La Tour Zizim
Avec cette nouvelle, Élie Berthet s’attache aux derniers instants que passe Zizim dans la « tour étroite et sans air » qu’on lui a construit à Bourganeuf « pour lui servir de prison ». En effet, l’ordre de Saint‐Jean de Compostelle a accepté de s’en « défaire » au profit du pape Innocent VIII. Si sa captivité est évoquée, Élie Berthet insiste davantage sur les conditions même de son départ et sur la nécessaire intervention de Philippine‐Hélène de Sassenage avec qui Zizim semble avoir partagé une passion amoureuse lors de son passage au château de la Bâtie en Royans.
Élie Berthet nous fait ainsi pénétrer dans la tour, qu’un ingénieux éclairage transforme, pour ses voisins, en une espèce de monstre, de démon ; le premier étage de la tour qu’occupe Zizim est, selon l’auteur, richement décoré ; cependant, il n’est pas question de La Dame à la licorne, ensemble de tapisseries qu’évoque George Sand à plusieurs reprises.

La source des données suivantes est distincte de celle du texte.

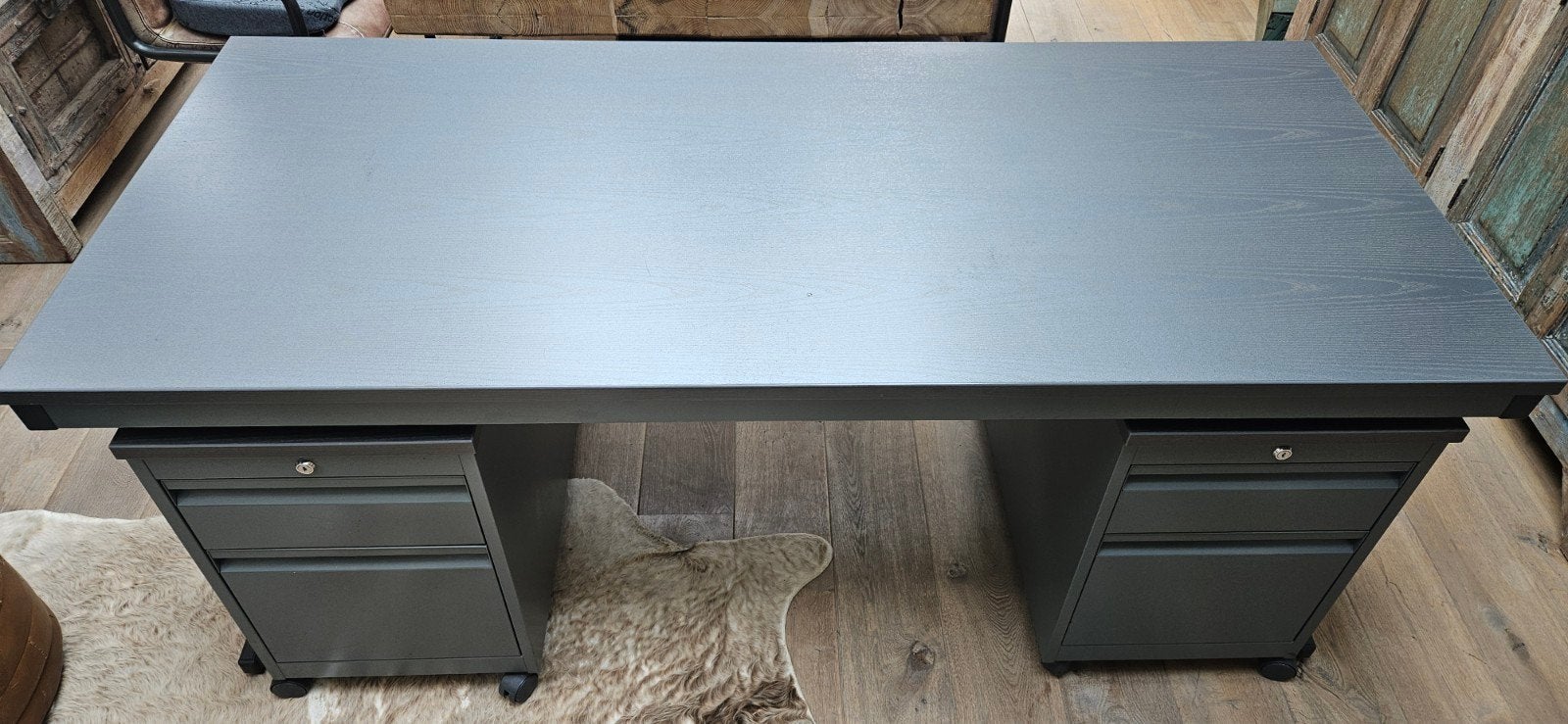 Bureau. Grote industriële metalen bureau met 2 ladenblokken, Ophalen, Gebruikt, Metaal, 81 cm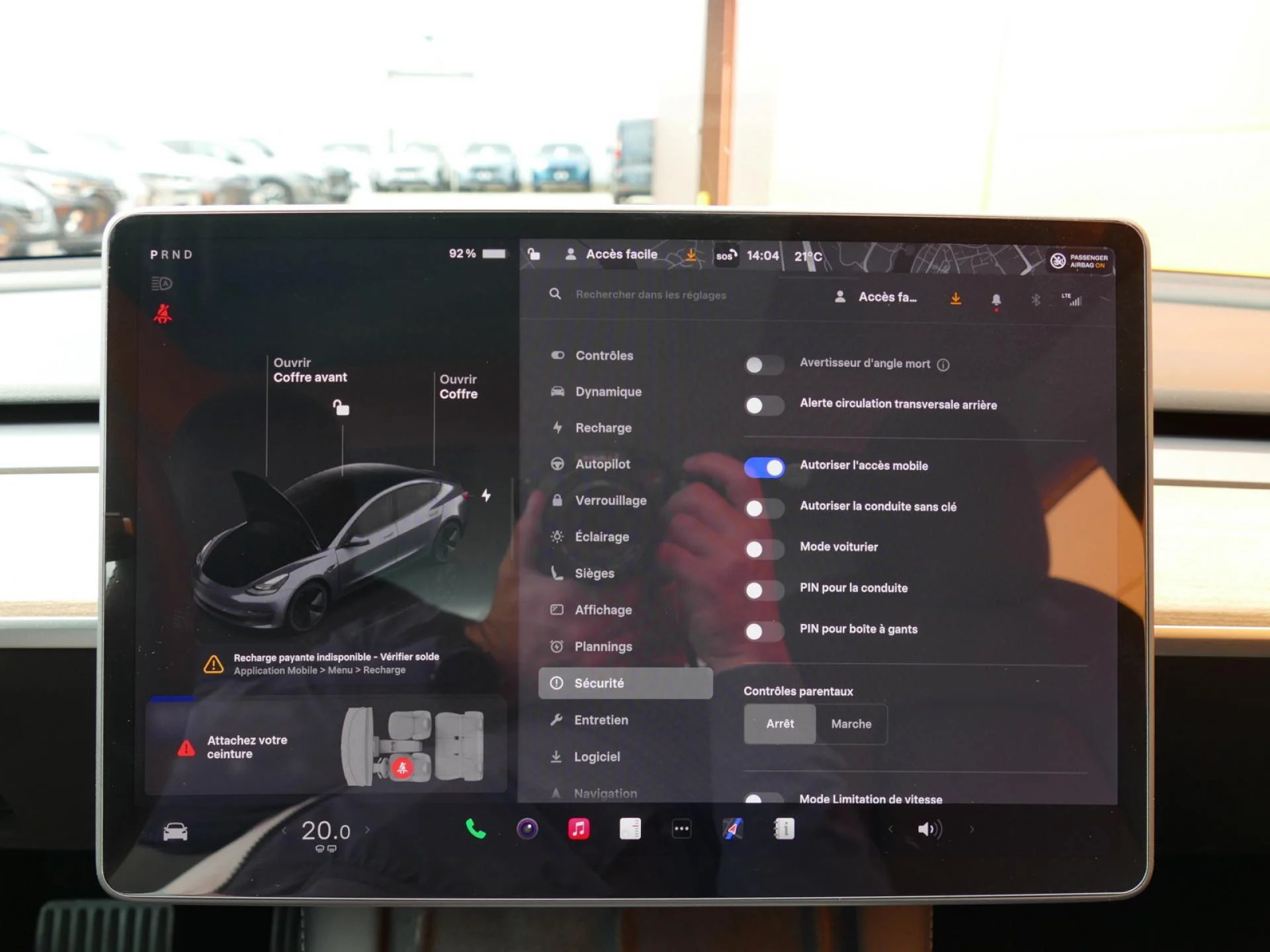 TESLA MODEL 3 - Miniature 16 sur 33 - Cliquer pour voir cette photo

Cette tour est, selon l’auteur, l’un des deux ouvrages historiques du Limousin qui ne risque guère de disparaître et encore moins de s’effacer des mémoires malgré la modernité « vandale » :
Dans cette vieille province du Limousin, où la féodalité nobiliaire et monacale avait jeté autrefois de si profondes racines, il y a bien des édifices en ruines, bien des abbayes, des manoirs gothiques dont les souvenirs, enfermés dans un cercle étroit, sont destinés peut‐être à finir avec eux.
[…]
Parmi ces vénérables restes du passé qui semblent, dans le Limousin, destinés à périr, il en est deux du moins qui, à couvert sous de grands noms historiques, survivront à leur propre chute dans la mémoire des hommes. Deux tours, jetées à chaque extrémité de la province, n’ont rien à craindre du vandalisme moderne ; on pourra les effacer de la surface du sol, mais leur souvenir surgira au‐dessus des terrassements et des constructions nouvelles. L’une, toute lézardée et rongée de lierre, est cette antique tour de Châlus au pied de laquelle vint mourir Richard Cœur‐de‐Lion, le champion redouté des croisades, le héros de tant de légendes populaires en Europe et en Asie. L’autre, perdue dans les collines vertes de la Marche ; au seuil de l’Auvergne, encore fière et debout malgré les siècles, est la tour de Zizim, à Bourganeuf, cette somptueuse prison où les chevaliers de Rhodes gardèrent si longtemps le frère proscrit de Bajazet.